Dengan tegas ia pun menjawab bahwa tugas peliputan yang diberikan kepadanya bersifat ‘agak mendadak’ sehingga ia tidak sempat membaca mengenai kasusnya secara detil. “Yang saya tahu, pokoknya David itu punya suatu ‘penemuan’ penting.. lalu dibunuh. Begitu kan, Pak?” Katanya.

Pada sidang hari itu telah didengarkan kesaksian dari patologis, menjelaskan mengenai hasil otopsi dan luka-luka yang ditemukan di tubuh David. Selain itu, juga dihadirkan beberapa saksi yang masing-masing mengaku mengetahui menit-menit terakhir menjelang dan saat David jatuh dari ketinggian. Dari 20 orang saksi yang dihadirkan dan dimintai keterangan di hadapan majelis hakim, seluruhnya memberikan indikasi bahwa kematian David merupakan akibat tindakan bunuh diri (Secara luas dan terbuka, proses persidangan ini telah diberitakan di media massa Singapura, namun tidak di media Tanah Air).

Hal ini tentu saja berpotensi melahirkan kontradiksi mengingat opini di media massa Tanah Air sangat diwarnai arus spekulasi yang “menginginkan” status kematian David adalah akibat tindakan pembunuhan (criminals), dan bukan bunuh diri.

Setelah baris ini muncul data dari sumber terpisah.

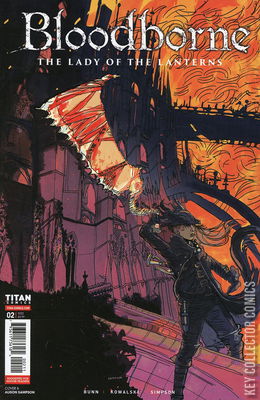 Bloodborne: The Lady of the Lanterns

Sidang coroner tersebut akhirnya hanya berjalan selama 5 hari, setelah hakim menerima permintaan pihak keluarga David agar Sidang ditunda untuk memberi cukup waktu menghadirkan saksi-saksi yang dikehendaki pihak keluarga. Sidang berikutnya pun lalu dijadwalkan tanggal 17-19 Juni dan 24-25 Juni 2009, dengan harapan akan mendapatkan keputusan pengadilan yang lebih akurat.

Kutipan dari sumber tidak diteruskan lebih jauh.